Making Your Kitchen GERD-Friendly

When you have GERD (Gastroesophageal Reflux Disease), you get used to living with heartburn. While there are treatments available for GERD, making changes in your kitchen can make a big difference. Learning which foods trigger your heartburn, and making small changes in how you prepare your meals, can make a big impact on how you feel.

Many foods and beverages are triggers for heartburn. These include alcohol, carbonated and caffeinated beverages and whole milk or butter. Citric fruits, spicy, fried or greasy foods and fatty foods are also common culprits. Some people have problems with foods like garlic, onions, chocolate or tomatoes. Many people find it helpful to keep a food diary to pinpoint patterns of which foods trigger their heartburn.

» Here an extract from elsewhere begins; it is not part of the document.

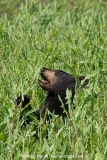 American Black Bear 011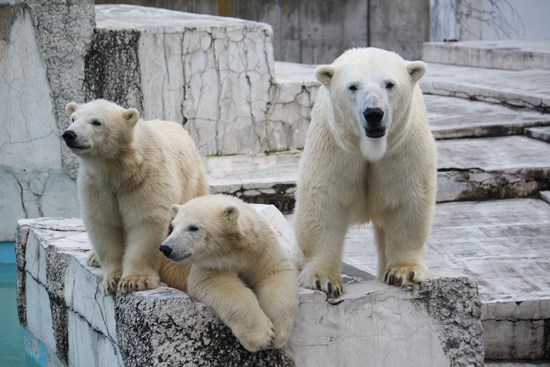 Beruang kutub di Kebun Binatang Maruyama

Once you find patterns of trouble foods, work on limiting them. Focus on options that allow you to bake, broil or steam dishes rather than fry them. You can also incorporate changes like using skim milk in place of whole milk or avoid cooking with butter.

Changing your cooking does not have to lead to a bland diet. Use non-citrus juices, bagels or cereal with skim milk for breakfast, and turkey sandwiches, salads and baked fish or poultry for lunch. Baked or mashed potatoes, pasta, rice and vegetables can make great accompaniments for dinner. Snack on low-fat yogurt, fruit, graham crackers or pretzels, and try angel food cake, low-fat cookies or low-fat ice cream to satisfy your sweet tooth.

Small changes make a big difference to heartburn symptoms. Many cookbooks are available in the Atlanta area that can infuse new ideas into your cooking, and some trial and error will lead you to foods that suit you well. Gastroesophageal Reflux Disease responds well when you eliminate the foods that spur your heartburn and make modifications to the way you prepare your food.